- _Task statement_
Exactly the lines from the one that holds "ADEYANE SÁ VIANA" to the end of the data below: retype these and nothing else.
>>>>
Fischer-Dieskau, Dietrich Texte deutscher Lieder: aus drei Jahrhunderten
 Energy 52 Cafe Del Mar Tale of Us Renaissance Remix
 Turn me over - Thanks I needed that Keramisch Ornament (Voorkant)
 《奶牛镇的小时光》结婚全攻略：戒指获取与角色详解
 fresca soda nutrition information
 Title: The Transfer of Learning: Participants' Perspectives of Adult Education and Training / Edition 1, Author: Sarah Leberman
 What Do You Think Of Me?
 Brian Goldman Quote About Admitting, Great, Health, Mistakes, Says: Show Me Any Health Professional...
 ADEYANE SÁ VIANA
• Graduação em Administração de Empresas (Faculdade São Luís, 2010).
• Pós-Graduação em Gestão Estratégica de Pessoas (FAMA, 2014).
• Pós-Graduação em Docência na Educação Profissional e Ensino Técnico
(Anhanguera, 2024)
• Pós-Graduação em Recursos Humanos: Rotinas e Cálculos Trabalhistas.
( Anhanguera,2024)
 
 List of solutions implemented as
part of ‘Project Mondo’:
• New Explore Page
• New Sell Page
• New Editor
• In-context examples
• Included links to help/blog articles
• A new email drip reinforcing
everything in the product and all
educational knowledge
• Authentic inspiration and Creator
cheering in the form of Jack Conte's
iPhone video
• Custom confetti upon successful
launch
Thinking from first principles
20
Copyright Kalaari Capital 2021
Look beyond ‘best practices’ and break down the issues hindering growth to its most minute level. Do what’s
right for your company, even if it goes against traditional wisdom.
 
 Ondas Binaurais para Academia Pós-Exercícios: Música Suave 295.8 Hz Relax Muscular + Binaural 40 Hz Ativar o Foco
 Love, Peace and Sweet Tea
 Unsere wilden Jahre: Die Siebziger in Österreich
<<<<
- _Problem solution_
 ADEYANE SÁ VIANA
• Graduação em Administração de Empresas (Faculdade São Luís, 2010).
• Pós-Graduação em Gestão Estratégica de Pessoas (FAMA, 2014).
• Pós-Graduação em Docência na Educação Profissional e Ensino Técnico
(Anhanguera, 2024)
• Pós-Graduação em Recursos Humanos: Rotinas e Cálculos Trabalhistas.
( Anhanguera,2024)
 
 List of solutions implemented as
part of ‘Project Mondo’:
• New Explore Page
• New Sell Page
• New Editor
• In-context examples
• Included links to help/blog articles
• A new email drip reinforcing
everything in the product and all
educational knowledge
• Authentic inspiration and Creator
cheering in the form of Jack Conte's
iPhone video
• Custom confetti upon successful
launch
Thinking from first principles
20
Copyright Kalaari Capital 2021
Look beyond ‘best practices’ and break down the issues hindering growth to its most minute level. Do what’s
right for your company, even if it goes against traditional wisdom.
 
 Ondas Binaurais para Academia Pós-Exercícios: Música Suave 295.8 Hz Relax Muscular + Binaural 40 Hz Ativar o Foco
 Love, Peace and Sweet Tea
 Unsere wilden Jahre: Die Siebziger in Österreich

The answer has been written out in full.